Um silêncio meio glitch, fruto da censura dos algoritmos no YouTube. Não estou querendo tirar a minha responsabilidade. Em vez de criar algo com meu baixo e algumas bases obscuras ou feitas em casa, tive uma ideia de fazer um set de DJ que deixasse clara a minha paixão por improvisação, e que trouxesse a liberdade suprema de improvisar sobre improvisadores. Isso porque bem antes de o Paulo Hartmann me convidar para fazer esse vídeo/set para o festival, eu acompanho o Improfest com muita reverência, primeiro porque eu amo a cultura da improvisação, venha ela do jazz, do punk ou da música erudita. Depois porque este é um espaço importante para dar voz aos improvisadores brasileiros, um dos poucos espaços, diga-se. Por isso, ao ser convidado para pensar algo para o festival, eu tenha imediatamente pensado numa estratégia que abarcasse uma ideia intelectual de música, muito como as estratégias oblíquas do Brian Eno. Defini meu campo a partir de uma provocação: a ideia de choque entre a guitarra improvisada do jazz branco norte-americano e europeu em contraste com nossos batuques mais profundos, mas também tocado por uma mulher branca. Na minha cabeça, eram várias camadas de pensamento de apropriação, remix, amor, reverência e iconoclastia. Como tinha planejado uma improvisação de 20 minutos, escolhi poucas fontes para serem mixadas, loopadas, torcidas e resignificadas com efeitos, silêncios, distorções de tempo, cacofonias. Também queria contrapor um instrumento icônico mas não central na improvisação livre, a guitarra, aos tambores. Quando penso em guitarra improvisada, ninguém tem uma obra mais interessante do que o finado Derek Bailey.

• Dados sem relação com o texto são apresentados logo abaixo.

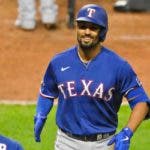 Brandon Nimmo pasa a Texas en cambio por Semien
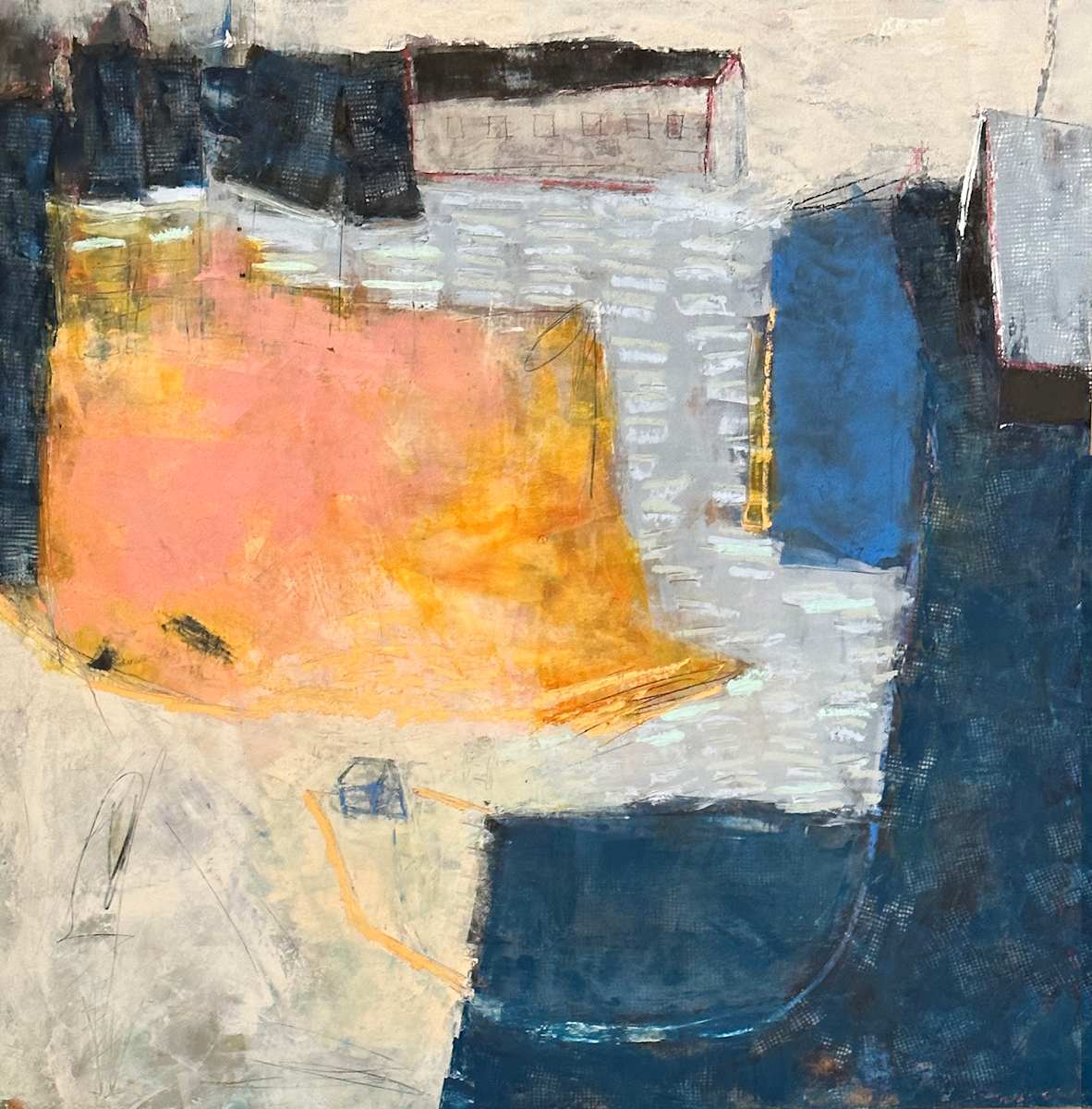 Outer Banks Mind Mapping by Mara Manning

Queria trazer o lado mais abstrato do guitarrista britânico, em gravações que icônicas como o Arco Duo, com o saxofonista Evan Parker, Improvisations for Cello and Guitar, com Dave Holland, mas também um disco incrível, Ballads, em que ele toca perfeitamente temas e melodias de standards para depois desconstruí-los. Se Derek Bailey era a espinha dorsal, queria trazer também outras experiências com guitarras e aí escolhi gravações de Bill Frisell, outro grande improvisador, e da jovem Mary Halvoson, que tem uma mirada muito interessante com a forma, de certa maneira similar ao Ballads, mas com composições próprias.

A esse trio de guitarristas, sem sync nem fones, eu adicionei os loops de trechos de tambor do excelente Macumbas e Catimbós, de Alessandra Leão, que passa ao largo da música improvisada, mas que traz uma ancestralidade brasileira e um registro de som de percussão único. Podia dar tudo errado ao seguir essa premissa mais intelectual, mas no calor da improvisação, tudo se encaixou e eu fiquei feliz com o resultado, mesmo sabendo que o acaso faz com que algumas partes sejam mais interessantes que outras, que haja choques indesejados, coisas que não saem perfeitas de cara, mas que são corrigidas a quente.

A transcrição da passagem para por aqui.